From their vantage point atop the mesa, the cone pickers can see for miles passed the monument boundary and deeper into the canyons that make up the Jemez Mountains. It’s a landscape that has seen several devastating fires in just the past 20 years.
Overall, the number of fires in the U.S. has decreased slightly over the past three decades, but the number of acres burned is on the rise. Every year since 2000, an average of 10,900 square miles (28,231 square kilometers) have been charred, according to figures compiled by the National Interagency Fire Center.
Last year marked a year of particularly dangerous and destructive fires. More than 100 lives were lost in California, with the Camp Fire accounting for most of those deaths. Nationwide, more than 25,000 structures were destroyed.
Far less land has burned this year, but scientists are confident in their predictions that the combination of overgrown forests and hotter, drier conditions increase the threat of catastrophic fires.
Santa Clara Pueblo has been among the hardest hit in New Mexico, with much of its watershed destroyed by fire in 2011. Sandoval said the tribe is fortunate because it began collecting native seed years earlier and had built up its own seed bank of ponderosa, Douglas fir, spruce and other pine variations.
The pueblo has gathered seeds from about 2.5 million trees in over a decade, he said. Some are stored in special freezers to ensure they last another century. Others are sent to nurseries in New Mexico and Arizona, where they are grown for post-fire restoration efforts.

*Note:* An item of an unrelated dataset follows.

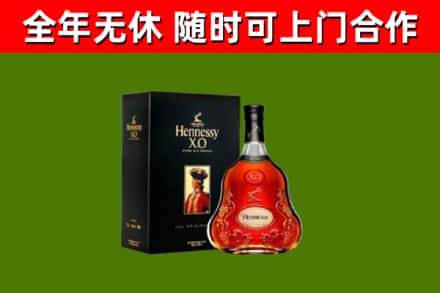 浦东新区烟酒回收轩尼诗XO.jpg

Sandoval has one word for drought-hearty native seeds from lower elevations: “precious.”
Similar work is happening in the Black Hills of South Dakota, where an estimated 2 million trees have been planted since 2003. Nevada and Utah also have seed banks.
This is the first year for collecting at Bandelier, where officials have requested that the seeds from each tree be kept separate to ensure a genetic profile. Crews also record details on the tree’s location, elevation and measurements.
Earlier this fall, Bandelier planted 6,000 seedlings from cones collected from the Jemez Mountains. Some were planted in study plots that will be monitored to see what planting strategies work best.
“We want to make the best use of this resource,” said Kay Beeley, who has worked at Bandelier for nearly three decades. “It’s renewable but not always available.”